By 'boots' I'd had in mind proper women's leather boots, covering all the leg below the knee. And not just any boots - they needed to be quality boots, which might mean spending anything up to £300. That kind of figure really was out of the question! So with a sigh I'd resigned myself to making do without.
But look what has happened.
I'd gone into Brighton in Fiona - who, by dint of driving her carefully, was exhibiting only small signs of her rapidly-growing auto gearbox problems. They were still there however. In fact I'd had a couple of surprise moments in the previous few days, when the auto gearbox wouldn't deliver power and speed when asked to. I'd had a dire 'low-performance' message on the dashboard display. When you get that, you have to drive along slowly until the gearbox recovers a bit. Thank goodness it happened while still in the village, and not going up some hill, or on the fast A23 road.
Such things were happening unpredictably. I'd already decided some days back that a crisis was brewing. So long journeys were absolutely out, and only local runs were prudent, even when the engine and gearbox had thoroughly warmed up and were working at best efficiency.
I had a worrying five minutes getting up a hill yesterday - it was Clayton Hill, the easiest of the nearby South Downs hills, but still a steep gradient on its north side. I had hoped to take it at a steady 40 mph, but I found myself stuck in a queue strung out behind a clapped-out French van, and forced to crawl uphill, with hunting gears and the occasional judder reminding me that all was definitely not well. It wasn't pleasant. But once over the hill, Fiona picked up speed again, and could manage a smooth (but hummy) 60 mph on the dual carriageway A23. In general, she felt happier in the higher gears, choppier in the lower gears. Really I shouldn't have been out in her at all. I could have taken the train. But I felt reasonably confident about a quick daytime visit to Brighton.
I was going in to have a fringe trim at Trevor Sorbie in The Lanes. Then I promised myself one of two things. A visit to the Royal Pavilion, not seen for over fifteen years, or, failing that, a look at the latest stuff in Fat Face. I found out on TripAdvisor that you couldn't take photographs inside the Royal Pavilion. What? Well that made it not worth visiting, so far as I was concerned. No shots, no interest. So Fat Face it was.
I selected three skirts to try on, then saw their winter boots. Two in particular caught my eye, in tan and in black, because they obviously had plenty of room for my wide feet, and especially my toes. The usual problem with women's boots is narrowness and lack of toe space, because Fashion insists on pointed elegance, and ignores the modern trend for women's feet to be larger and wider. But these Fat Face boots looked sensible and very comfortable. And they had them in my size (size 8)!

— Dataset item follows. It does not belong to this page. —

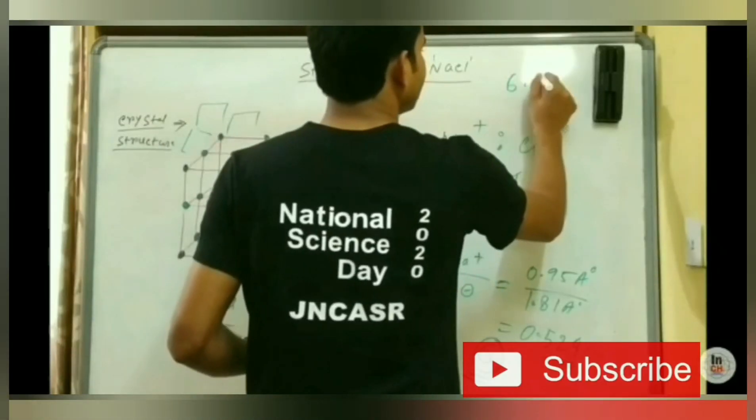Hi, this is Pankaj, the author of the book 'IIT JAM Success Mantra.' I am here to share important information regarding the IIT Bombay and Monash University Australia joint PhD program. In this video, I'm going to talk about the detailed application procedure, the eligibility requirements, and how to choose the right projects.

I took skirts and boots into a changing room. The skirts were fine. What about the boots?
They were half-length, not quite what I had in mind. But the leather was supple, the side-zips smooth, and they were well-finished in every way. I could get them on and off with no problem. Although the tan boots were very attractive, it was clear that the equally handsome black boots would be the more versatile choice. They'd go much better with my black winter coats - and with the red handbag!
The headless mannequin nodded in agreement. The price of the boots? £95. I could cope with that. The skirts? Two of them could wait for the sales. One was another example of the blue denim skirt, with buttons up the front, that I'd first bought at Fat Face in September. It cost £40, but having two such skirts would do no harm at all. And denim skirts went rather well with boots like these.

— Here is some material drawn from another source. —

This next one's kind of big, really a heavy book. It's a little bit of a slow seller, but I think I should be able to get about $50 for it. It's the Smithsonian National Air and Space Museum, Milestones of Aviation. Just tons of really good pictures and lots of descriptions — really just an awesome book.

Back home - an easier northward journey for Fiona this time - I contemplated my purchases.
These half-length boots looked pretty good with my black tights and black skirt. My feet enjoyed the toe-room inside them. In the next shot, you can see the side zip. The black leather was quite shiny, but not so glossy as you get with a pair of Doc Martens, although on the whole my new boots did remind me strongly of classic black Doc Martens lace-up boots - but sans laces, and sans the distinctive very thick rubber sole.
No, they weren't exactly the same as the 'real thing' - but they would still do the job if it were necessary to pin an errant man down on the floor, dominatrix-style, as my photo clearly shows! Or as a kind of bovver boot, as once worn by skinheads, then by punks, and still likely to grace the feet of some of Brighton's lesbian ladies. Not that these boots signal my going in any new direction! I'm not a punk, nor a lesbian.
At any rate, I now had three types of winter boot, for different occasions, and different types of outfit:
Two of these pairs were at least four years old. It was high time I bought something new.
The tan Dubarry boots in the background were good for small country towns, and for short country or beach walks, but were too heavy and cumbersome for trendy shopping in Brighton. The short black pair in front were excellent with tights, but too short to wear with leggings, as the bottom of each leg tended to pop out. My new boots would be fine with both kinds of legwear.
It was a shame that purchasing a seriously-stylish pair of winter boots would have to wait for another year, but I could at least now step out properly-shod for any type of weather!